2009年,莫里特森领导的一个研究小组发现,如果鸟类与视力有关的大脑中枢发生病变,那它们就难以通过磁场判断方向。2010年,歌德大学的克里斯汀·涅斯内尔(Christine Niessner)对欧洲知更鸟和鸡进行的研究发现,隐花色素不仅大量存在于鸟类视网膜中,也特异性地富集在对紫外光敏感的视锥细胞中,这与生物学家根据自由基对的形成需要光而作出的预测完全吻合。
不过一切尚未定论。大多数结果还需要独立的重复实验验证。至于磁铁矿粒子,目前发现的证据可能并不像声称的那样鲜明。举例来说,里兹自己就提出警告,无线电波诱导产生的电场,可能会以不可预知的方式破坏生物学过程。例如,无线电波可以干扰在判断方向的神经中枢中发挥作用的神经递质受体,因此,它们可能会在不破坏磁场感应能力的情况下,间接地使动物失去方向感。
英国牛津大学的物理学家彼得·J·霍尔(Peter J. Hore)补充道,鸟类对无线电波的敏感程度令人难以置信:一个只有地球磁场强度1/2 000的磁场,就足以干扰它们的磁感觉。
对果蝇隐花色素的研究,也充满了类似的困惑。2008年,雷佩特和合作者发现,通过训练,可以使果蝇根据磁场的指引,到达放置糖果的目标位置,而缺失隐花色素基因的果蝇突变种,不能产生隐花色素蛋白,也就表现不出这样的行为特征。

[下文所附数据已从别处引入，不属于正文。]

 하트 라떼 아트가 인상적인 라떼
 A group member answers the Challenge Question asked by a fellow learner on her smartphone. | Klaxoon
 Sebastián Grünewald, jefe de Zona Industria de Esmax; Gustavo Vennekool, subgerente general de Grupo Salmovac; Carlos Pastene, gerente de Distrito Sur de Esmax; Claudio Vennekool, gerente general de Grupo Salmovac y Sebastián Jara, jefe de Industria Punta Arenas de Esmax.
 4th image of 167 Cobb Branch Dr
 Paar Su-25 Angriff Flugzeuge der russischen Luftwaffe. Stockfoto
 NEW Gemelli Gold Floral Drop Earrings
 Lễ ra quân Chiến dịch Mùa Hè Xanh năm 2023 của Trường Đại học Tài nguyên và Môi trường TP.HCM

不过,在实验中,这些果蝇所处的人工磁场比地球磁场强10倍。克茨芬克提醒说,由于研究人员事先知道应该在什么时候打开或关闭人工磁场,所以他们可能在不经意间给这些果蝇提供了线索。
霍尔说,总的来看,尽管支持“自由基对假说”的证据逐渐增加,但“我们还不能下定论”。就这一机理的具体过程而言,目前还存在一些缺环。“我觉得很沮丧,”霍尔补充说。研究人员最终需要证明的是,磁场能够激活神经元,促使它发送电信号,只有证实这种电生理反应,他们才能宣称发现了磁感觉的生理基础。里兹指出,电生理学是感觉生物学的黄金标准,“我们正是借助电生理学,才理解了视觉机制”。

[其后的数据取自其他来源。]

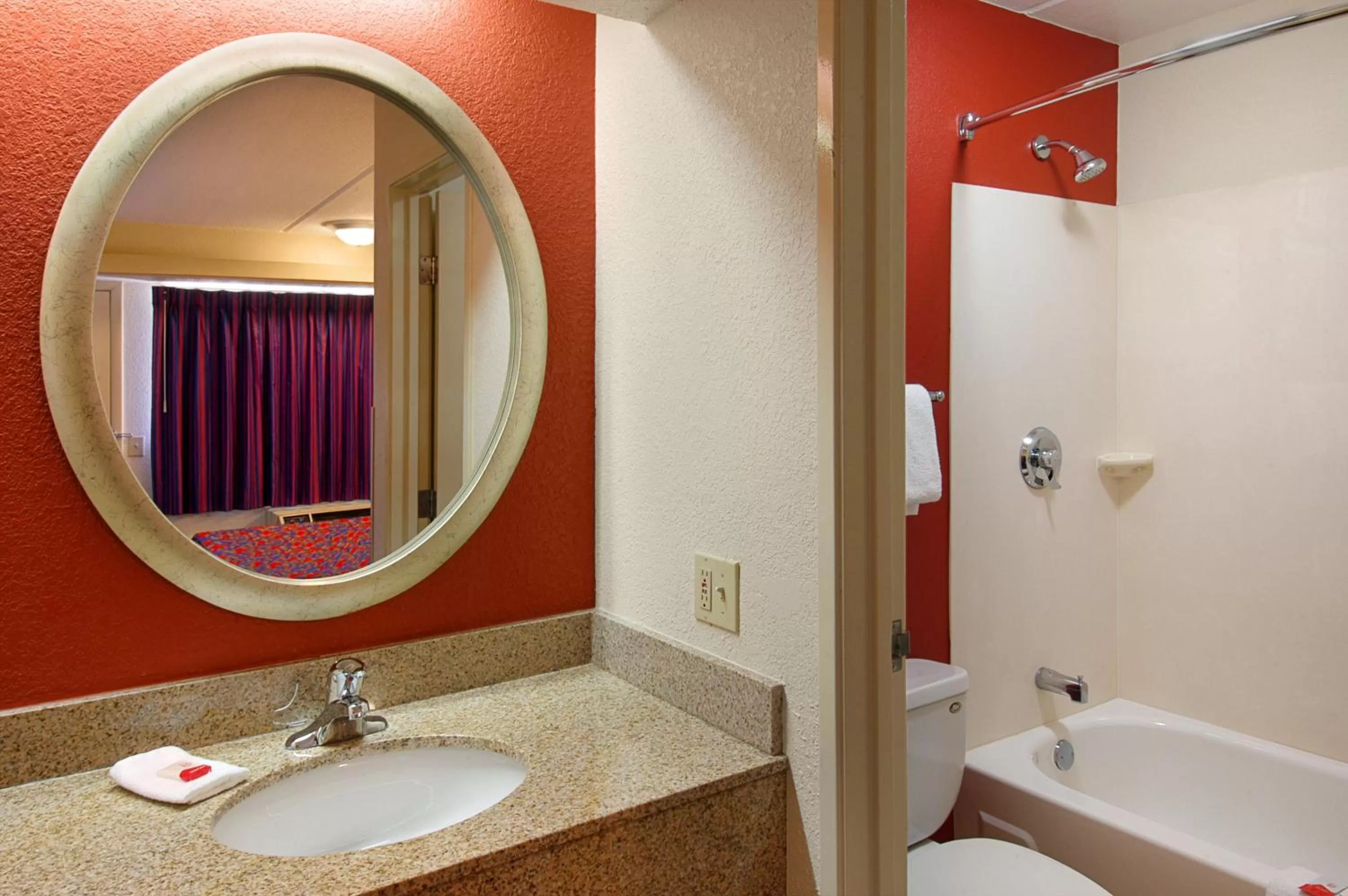 Bathroom in Red Roof Inn Washington DC - Columbia/Fort Meade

有趣的是,2011年6月,雷佩特和同事发现,将果蝇的隐花色素基因置换为相应的人类基因后,果蝇仍能通过磁场判断方向。尽管这方面的证据还很缺乏,但这一发现还是重新引发了人类可能具有磁感觉的猜测。据称,20世纪70年代末,英国曼彻斯特大学的罗宾·R·贝克(Robin R. Baker)研究发现,人类具有一定的磁感觉,能在磁场的引导下返航(magnetic homing ability),但后来的实验都没能重现这一结果。
综合结论
绝大多数科学家都至少认同前述两条假说中的一种,抛弃了对磁感觉的其他解释。蝠鲼和鲨鱼的磁感觉可能是例外。有人提出,这可能是因为动物对电场有不可思议的敏感性。这些鱼类的皮肤中有微型导电管路,可以感知弱至五十亿分之一伏的电压(参见《环球科学》2007年第9期《鲨鱼的第六感》)。运动中,磁场可以在导体中诱导产生电压,因此,仅仅凭借游泳时的左右移动,上述鱼类就可以感知地球磁场。
即使这方面的争论最终尘埃落定,一些迁徙动物的导航特技可能仍然无法得到解释,比如,座头鲸在海洋中可以一次游动数百千米,而前行方向与最初设定航向的偏离不超过1度。
许多研究人员抱有希望,认为磁感觉的机理将很快得到揭示。实验技术进步显著:研究人员现已掌握了跟踪小型鸟类的技术,对显微结构的成像也更加精确,多个学科的科学家已经加入到研究行列。里兹说,磁感觉的奥秘得到揭示的那一天,一定会有许多人满怀激动地回忆这些年的坚持,“发现一种新感觉的机会可不是常有的”。